Dataset:
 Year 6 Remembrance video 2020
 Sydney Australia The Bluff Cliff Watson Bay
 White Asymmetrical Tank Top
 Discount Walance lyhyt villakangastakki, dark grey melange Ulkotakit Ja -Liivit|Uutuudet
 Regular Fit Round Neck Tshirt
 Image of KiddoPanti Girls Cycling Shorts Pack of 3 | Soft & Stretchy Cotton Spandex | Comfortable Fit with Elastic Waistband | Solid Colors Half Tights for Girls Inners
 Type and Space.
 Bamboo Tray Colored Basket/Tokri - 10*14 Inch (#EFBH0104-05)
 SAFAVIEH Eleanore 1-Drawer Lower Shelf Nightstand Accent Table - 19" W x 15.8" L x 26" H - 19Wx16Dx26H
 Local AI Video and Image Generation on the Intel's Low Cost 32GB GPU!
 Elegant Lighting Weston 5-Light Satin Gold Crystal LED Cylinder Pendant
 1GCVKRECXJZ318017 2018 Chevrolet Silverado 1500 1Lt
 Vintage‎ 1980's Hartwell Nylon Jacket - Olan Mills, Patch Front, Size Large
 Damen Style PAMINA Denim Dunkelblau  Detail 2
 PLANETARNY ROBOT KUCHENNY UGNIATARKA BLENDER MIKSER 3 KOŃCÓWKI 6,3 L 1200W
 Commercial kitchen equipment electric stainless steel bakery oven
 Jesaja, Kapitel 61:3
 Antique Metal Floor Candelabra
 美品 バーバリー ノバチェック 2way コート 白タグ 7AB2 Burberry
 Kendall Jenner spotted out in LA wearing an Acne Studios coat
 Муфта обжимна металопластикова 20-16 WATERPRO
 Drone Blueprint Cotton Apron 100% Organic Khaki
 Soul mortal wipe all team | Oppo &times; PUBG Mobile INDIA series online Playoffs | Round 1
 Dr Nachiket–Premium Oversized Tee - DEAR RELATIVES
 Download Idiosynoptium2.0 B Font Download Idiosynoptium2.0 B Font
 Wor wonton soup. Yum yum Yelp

Activity:
Please print all the data again exactly as given.

Output for this task:
 Year 6 Remembrance video 2020
 Sydney Australia The Bluff Cliff Watson Bay
 White Asymmetrical Tank Top
 Discount Walance lyhyt villakangastakki, dark grey melange Ulkotakit Ja -Liivit|Uutuudet
 Regular Fit Round Neck Tshirt
 Image of KiddoPanti Girls Cycling Shorts Pack of 3 | Soft & Stretchy Cotton Spandex | Comfortable Fit with Elastic Waistband | Solid Colors Half Tights for Girls Inners
 Type and Space.
 Bamboo Tray Colored Basket/Tokri - 10*14 Inch (#EFBH0104-05)
 SAFAVIEH Eleanore 1-Drawer Lower Shelf Nightstand Accent Table - 19" W x 15.8" L x 26" H - 19Wx16Dx26H
 Local AI Video and Image Generation on the Intel's Low Cost 32GB GPU!
 Elegant Lighting Weston 5-Light Satin Gold Crystal LED Cylinder Pendant
 1GCVKRECXJZ318017 2018 Chevrolet Silverado 1500 1Lt
 Vintage‎ 1980's Hartwell Nylon Jacket - Olan Mills, Patch Front, Size Large
 Damen Style PAMINA Denim Dunkelblau  Detail 2
 PLANETARNY ROBOT KUCHENNY UGNIATARKA BLENDER MIKSER 3 KOŃCÓWKI 6,3 L 1200W
 Commercial kitchen equipment electric stainless steel bakery oven
 Jesaja, Kapitel 61:3
 Antique Metal Floor Candelabra
 美品 バーバリー ノバチェック 2way コート 白タグ 7AB2 Burberry
 Kendall Jenner spotted out in LA wearing an Acne Studios coat
 Муфта обжимна металопластикова 20-16 WATERPRO
 Drone Blueprint Cotton Apron 100% Organic Khaki
 Soul mortal wipe all team | Oppo &times; PUBG Mobile INDIA series online Playoffs | Round 1
 Dr Nachiket–Premium Oversized Tee - DEAR RELATIVES
 Download Idiosynoptium2.0 B Font Download Idiosynoptium2.0 B Font
 Wor wonton soup. Yum yum Yelp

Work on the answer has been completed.